Wtorek, 30 lipca 2024

imieniny: Julity, Ludmiły, Rościsława

RSS

Autostradą pojedziemy dopiero w drugiej połowie przyszłego roku!

12.06.2012 00:00 MAD

REGION. Nie widać końca budowy autostrady.

Podczas gdy Generalna Dyrekcja Dróg Krajowych i Autostrad chwali się wszem i wobec otwarciem autostrady A2, kierowcy na Śląsku jeszcze długo będą musieli czekać, aż przygraniczny odcinek autostrady A1 będzie przejezdny. Śląski Wojewódzki Inspektor Nadzoru Budowlanego uznał bowiem, że most MA 532 znajdujący się pomiędzy Mszaną a Połomią musi zostać solidnie wzmocniony.

Most niebezpieczny

ŚWINB decyzję o konieczności wykonania poprawek na MA 532 wydał 30 maja. – Na podstawie przedłożonych przez inwestora ekspertyz jak i zebranych przez nas w toku postępowania dokumentów wydaliśmy decyzję nakazującą wprowadzenie korekt w konstrukcji obiektu – mówi Tomasz Radziewski, zastępca Wojewódzkiego Inspektora Nadzoru Budowlanego. Korekty te mają nie tylko usunąć skutki marcowej awarii. Należy również gruntownie wzmocnić dolną płytę mostu poprzecznymi żebrami usztywniającymi. Te zalecenia zdaniem Radzewskiego są niezbędne, by most był bezpieczny w użytkowaniu.Decyzja ta oznacza, że konieczne będzie zaktualizowanie projektu wykonawczego obiektu. Zakres robót będzie na tyle znaczny, że inspektor wyznaczył termin wykonania prac na koniec sierpnia 2013 roku! – To termin bezpieczny. Nie chcemy by inwestor wprowadzał konieczne zmiany pod presją czasu – tłumaczy Radziewski.

Ponownie spotkają się w sądzie?

Generalna Dyrekcja Dróg Krajowych i Autostrad zakomunikowała, że bezzwłocznie przystąpi do wdrożenia nałożonych na nią obowiązków.

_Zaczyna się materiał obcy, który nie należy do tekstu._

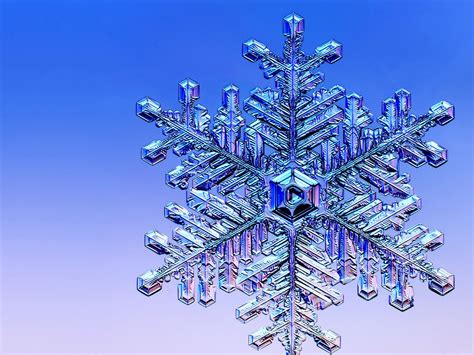 Snowflakes Snowflakes And Snow Crystals Snowflakes Real Snowflake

Do winy za komplikacje z mostem jednak się nie poczuwa. W swoim oświadczeniu podkreśla, że przy wykonywaniu dolnej płyty błędy popełnił wykonawca mostu czyli firma Alpine. Austriacy ripostują, zwracając uwagę, że inspektor nadzoru budowlanego nakazał GDDKiA zmianę projektu wykonawczego w zakresie na jaki Alpine wskazywała od kilku lat. – Zgodnie z prawem zamówień publicznych, to na GDDKiA ciążył obowiązek sporządzenia i dostarczenia projektu wykonawczego, stąd konieczność zmian tego projektu obciąża GDDKiA – czytamy w oświadczeniu Alpine Bau. Nie wiadomo czy sprawa nie trafi do sądu. Alpine uważa, że przypisywanie jej winy za wady w dokumentacji projektowej narusza dobre imię austriackiej firmy. Nie byłby to pierwszy proces między stronami sporu. GDDKiA żąda przed sądem od Alpine 40 mln euro kary za rozwiązanie pierwszego kontraktu z winy wykonawcy. Z kolei austriacka firma również przed sądem domaga się od inwestora 1 mld zł odszkodowania za jej zdaniem bezprawne zerwanie kontraktu.

Problemy z mostem od trzech lat

O tym, że most w Mszanie jest wadliwie zaprojektowany wykonawca robót, firma Alpine informowała GDDKiA po raz pierwszy jeszcze w czasie pierwszego kontraktu, nim w grudniu 2009 została wyrzucona z budowy. Alpine i tak wróciła na A1. Miała dokończyć autostradę do końca marca tego roku. Tuż przed upływem tego terminu data została przesunięta na 26 lipca. 10 kwietnia WINB nakazał jednak wstrzymanie robót na moście MA 532 i stało się jasne, że również ten termin jest nierealny. Oby nie okazało się, że sierpień przyszłego roku jest datą zakończenia prac ale tylko teoretyczną.